= New York City Marriage Bureau =

The Marriage Bureau is part of the Office of the City Clerk of New York City. The Bureau provides Marriage Licenses, Domestic Partnership registration, civil Marriage Ceremonies, registration of Marriage Officiants, and copies and amendments of Marriage Records issued by the City Clerk. It is the site of more marriages than any other venue in the United States.

Since 1930 over 1.2 million people have been wed at the Marriage Bureau. Between 2000 and 2007 an average of 58 couples a day were married here. In 2007, more than 16,000 couples wedded at the Manhattan Marriage Bureau.

Mayor Rudy Giuliani often performed weddings at the Marriage Bureau in person.

On February 5, 2026 Mayor Zohran Mamdani personally performed six marriages for couples scheduled to be married at the Clerks office that day.

==New venue==

In 2008 Mayor Michael Bloomberg announced that the Bureau would move from the Manhattan Municipal Building to new quarters in order to provide a more dignified setting for the marriages of New Yorkers, and attract couples who might otherwise travel to Las Vegas to be married, boosting New York's tourist industry.

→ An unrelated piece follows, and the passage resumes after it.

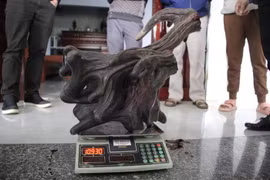 Cặp nhung nai “khủng” nặng gần 11kg, giá 110 triệu đồng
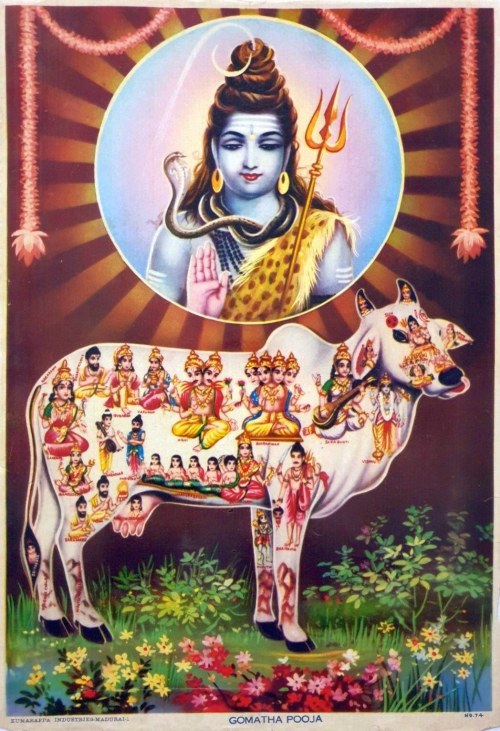 hinducosmos:Gomatha Pooja - Shiva Blessing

The new Marriage Bureau opened on January 12, 2009 on the ground floor at the Louis J. Lefkowitz State Office Building, a 1920s Art Deco building at 141 Worth Street (corner of Centre Street and Worth Street) that was formerly occupied by a Department of Motor Vehicles office. The 24000 sqft space was decorated by interior designer Jamie Drake who also decorated Gracie Mansion and Mayor Bloomberg's private residence. The project cost was $12 million.

The facilities contain two separate wedding chapels off the building's central rotunda. In the east chapel, the sofa and walls feature apricot and peach colors; the west chapel is done in purple and lavender. Each chapel has an abstract painting that matches the walls and hangs next to the lectern from where the clerk performs the ceremonies.

A marriage license in New York costs $35, and the fee to have the wedding performed at the Manhattan Marriage Bureau is $25. These fees can be paid by credit card or money order payable to the City Clerk.

==Fictional Marriage Bureau weddings==

Michael Patrick Flaherty the character played by Michael J. Fox on the American sitcom Spin City is married at the Marriage Bureau.